We work on the generation of synthetic datasets through simulation. Our systems are able to generate near-infinite permutations of complex, domain-specific, 3D environments. Within these environments, we can simulate a range of sensors, from standard RGB cameras to lidar, depth sensors, ultrasound, radar and more.
The known ground truth of the system, allows for highly consistent, rich annotation. This exciting approach opens new paths to machine learning where a lack of the right data is currently limiting.
why synthetic data?
- The ability to generate highly specific data at scale and variation: for example, the simulation of medical imaging techniques in highly controlled permutations of human anatomy or the generation of a range of defects on generated strawberries or CAD models for the industry.
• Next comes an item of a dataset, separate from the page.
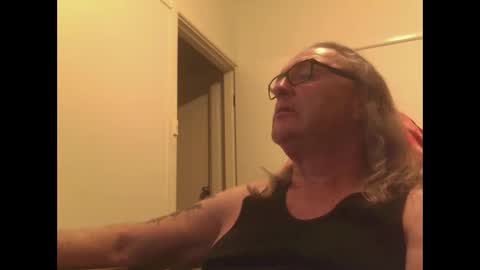 knobout online show from 9, 10, 2025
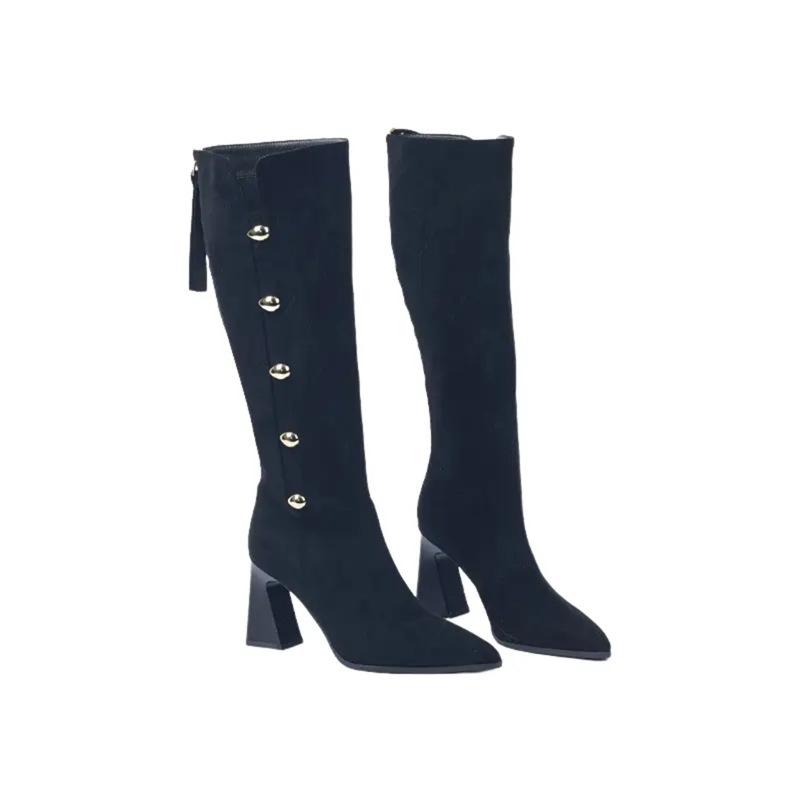 Дизайнерские высокие модные сапоги с металлической пряжкой, осень 2024, новые европейские и американские замшевые сапоги с острым толстым каблуком, тонкие сапоги, длинные сапоги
- The ability to generate data before a system is operational. This can enable the training of vision systems for production lines before these are operational or the generation of a range of sensor data through our systems for autonomous robot development.
- Rich labeling: as our 3D environments are defined by our systems, we can annotate any generated feature at will. This can be highly consistent labeling of product quality, the volume of individual beans, perfect segmentation of ultrasound images and much more.
- Full control over datasets: if biases are present in your real-world data, if certain edge cases are underrepresented, synthetic data offers a truly data-centric approach to address these challenges.
How are these datasets generated?
A simulation consists of two main components:
- A definition of the project environment through 3D volumes, meshes and behavioral definitions.
- The simulation of the different sensors inside these 3D environments.
A modular approach to the development of geometry generators and modifiers is key. A parametric interface for each of these modules allows for the controlled generation of near-infinite permutations of geometry, materials and behavior.
A combination of modules can be compiled into a new module with its own high-level interface. A network of these modules can generate complex environments. This architecture allows for a scriptable interface to the simulation and computing farm.
Besides the simulated sensor data, we can use the known ground truth to generate rich labeling. Essential in developing an effective synthetic model:
- Domain knowledge of the project, by us or in cooperation with partners
- A close working loop with the AI team, whether it’s ours or yours
- A solid data validation pipeline
architecture of our simulations.
In the animation below, you find a clear visualization of the architecture of our simulations.
In a data-centric approach, we analyze the quality of the generated data by comparing the synthetic set to a small set of real-world data. This comparison is done in a suitable feature space.
Two important concepts to analyze are the fidelity (how much does the synthetic data resemble the real data) and the diversity (does the synthetic data cover all the variation from the real data).
A range of advanced metrics is used to gather actionable intelligence to refine the synthetic model and improve the generated datasets.
our way of working
we offer synthetic data in three different ways.
For all cases, we believe that close, iterative cooperation between the Al teams and the synthetic data team is key.
• as part of a larger Demcon high-tech or medical system- or product development
• as part of a vision or Al project
• or as a stand-alone service.
In the first phase of a typical project, we focus on reducing the domain gap between our simulation and a small set of real-world data if available. In the subsequent phase, we expand the simulation to cover the project domain.